Usually, Monday morning opens with hospital rounds. Today I started early and finished early. I had time to get to the VA to have my TB skin test placed and have FedEx send off a packet of materials in preparation for a 2 week job in southeast Alaska in August. When I arrived at the clinic at noon I found the atmosphere tense.
Our Electronic Medical Record (EMR )system has problems, and every few weeks brings us another crisis. Frustration builds as the system slows down. By 1:00PM it made a glacier look positively zippy. Then it started to sputter, shutting down completely from time to time.
The mood of the clinical corridor darkened as the work flow slowed. I went downstairs and stuck my head in the Information Services room. “Are things going to run this slow for the rest of the day?” I asked.
“I’m afraid so,” came the answer.
A lightning strike in a distant city had melted links in out communication chain.

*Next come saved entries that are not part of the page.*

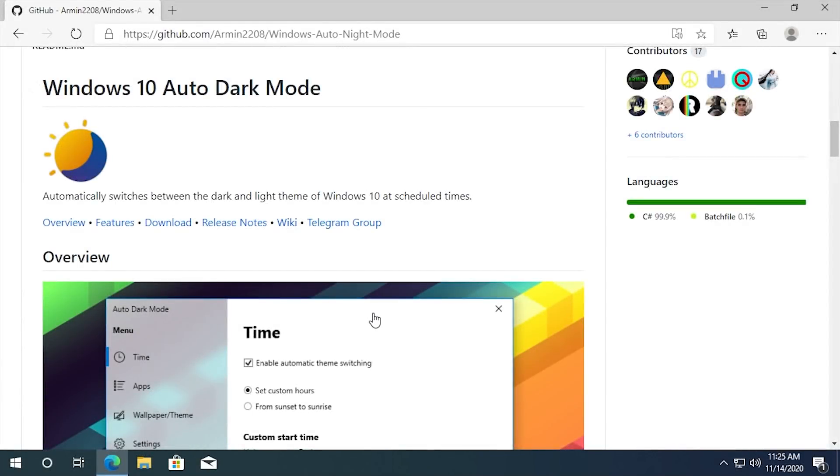Hello, everybody, and welcome back to another video. Now, in today's episode, we're going to be taking a look at a program called Windows 10 Auto Dark Mode.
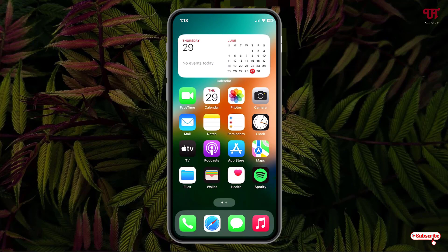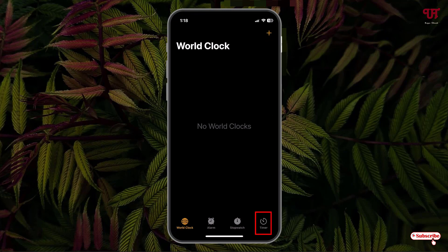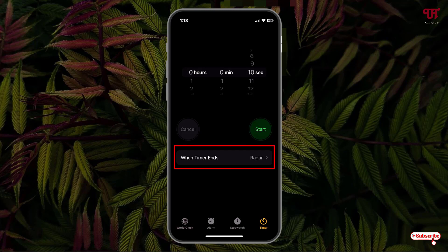Right now you can see my iPhone home screen. What you need to do is just open the Clock application, and at the bottom right you will see one option written Timer. Just tap on it. On the top, you can select your respective timer time. Let me set it to 10 seconds, and here you can see one option written When Timer Ends. Just tap on it.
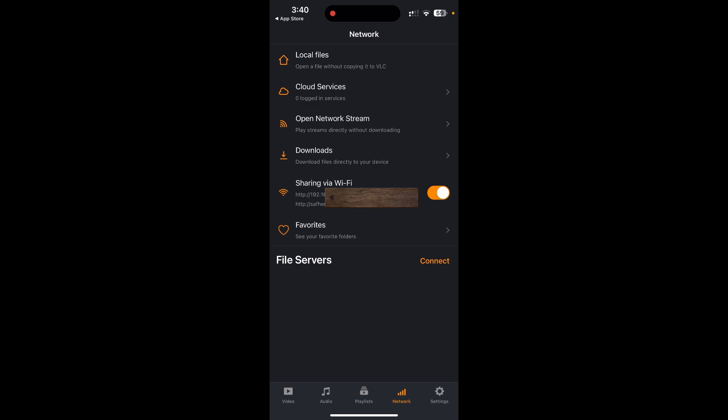But remember this address because you're going to then need this address on your Meta device. So either write it down on a piece of paper or maybe just type it, send it to you via WhatsApp. The point is you need to remember this address when you're on your Quest device because you need to type this address on the browser in your Quest device.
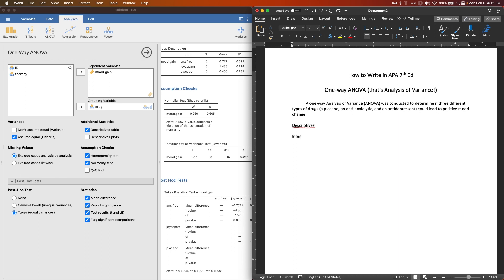We get the mean difference and p-value reporting. I'll also run the Tukey post hoc test. The general structure I want to follow is: descriptives first, then the inferential F-test, then the post hoc results. So that's the structure we're looking for.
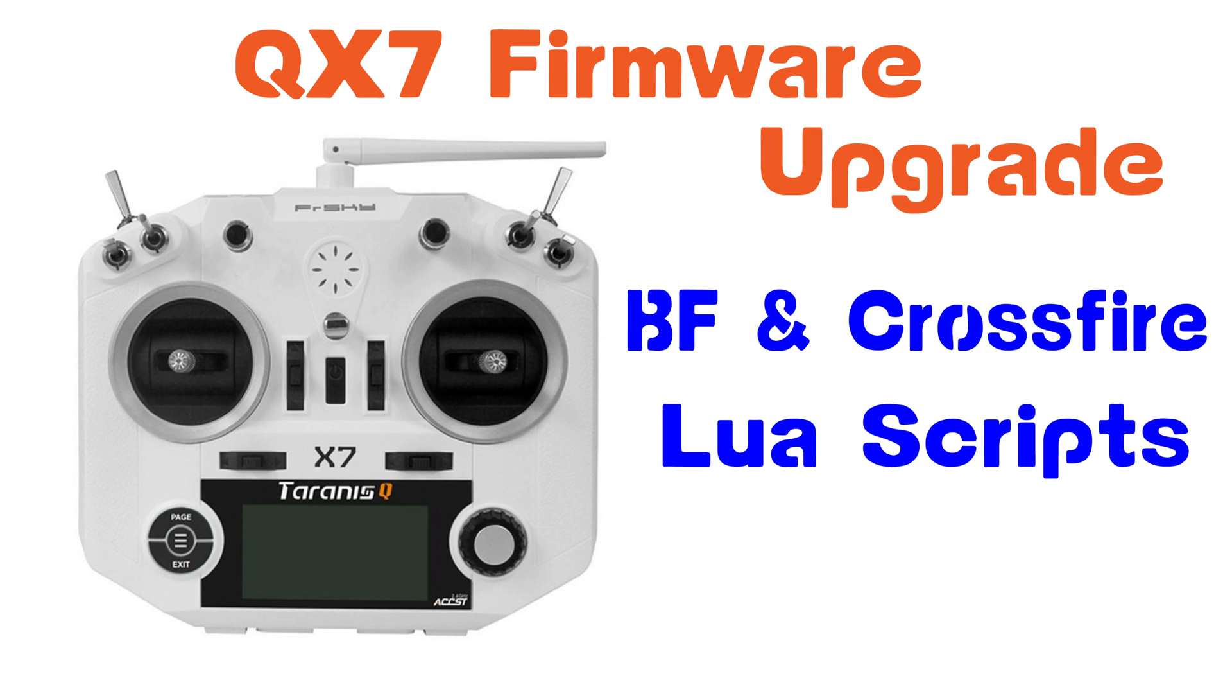In this video we're going to be updating the QX7 firmware and also how to stick the Betaflight and Crossfire Lua scripts on there.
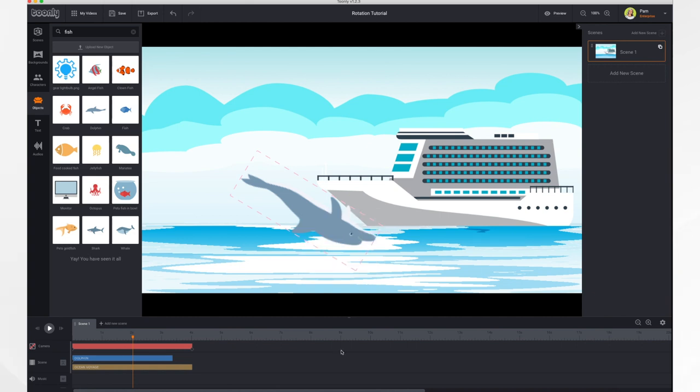So that's it. Everything you need to know about text underlay boxes and object rotation. Thank you for watching.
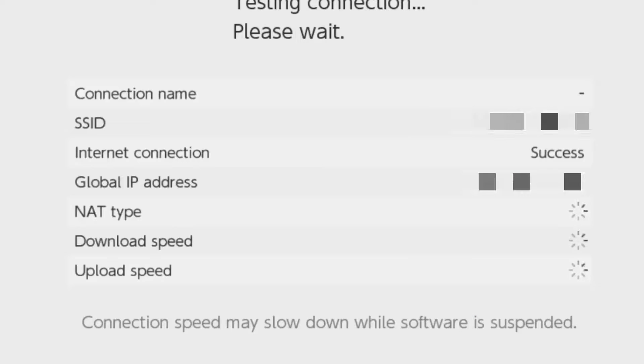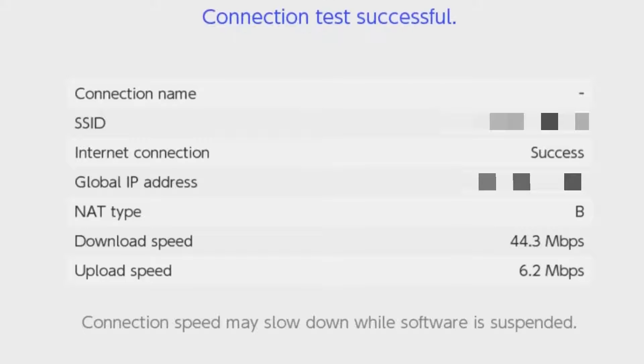Now, the really interesting things I want to point out are the download and upload speed. This means that the Nintendo Switch can potentially, and essentially is, an internet speed test.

I walked down the hall and asked an administrator to come up to experience the problem. When we got to my computer, I demonstrated the 6 minute sign on. The PA at the next workstation volunteered that she’d been working on the same patient for the last 45 minutes. I showed the administrator how it took 5 minutes to change patients, but the process shut down completely. I watched facial expressions mirroring my own. I answered a few reasonable questions, and watched the administrator stalk out.
I turned to my two nurses. “We’re going to have a great day,” I said.
Then I thought for a minute. “We’ll use paper. Call everyone on the schedule who isn’t here yet and have them cancel their appointment.”
I talked to a couple of patients by phone, emphasized that we couldn’t do anything, and acceded to a request for a mood stabilizer, to be followed by a more thorough visit later.
I looked down the hallway at all the people ready to do physical violence to their computers; the frustration and the tension became palpable entities. If hands could have found hammers easily, terrible cybercarnage would have followed.
I thought about bicycling into a tropical storm in 1972 and singing Bob Dylan songs in the rain. I remembered playing my saxophone in the Fourth of July parade in Barrow, Alaska in 2010 under leaden skies with mixed rain and snow and numb fingers. I turned to my team.
“Anybody can have a good time when conditions are perfect,” I said, “But things are not perfect and we’re still gonna have a good time. Because we’ve practiced and we’re good at it.”
And we had a great afternoon and evening.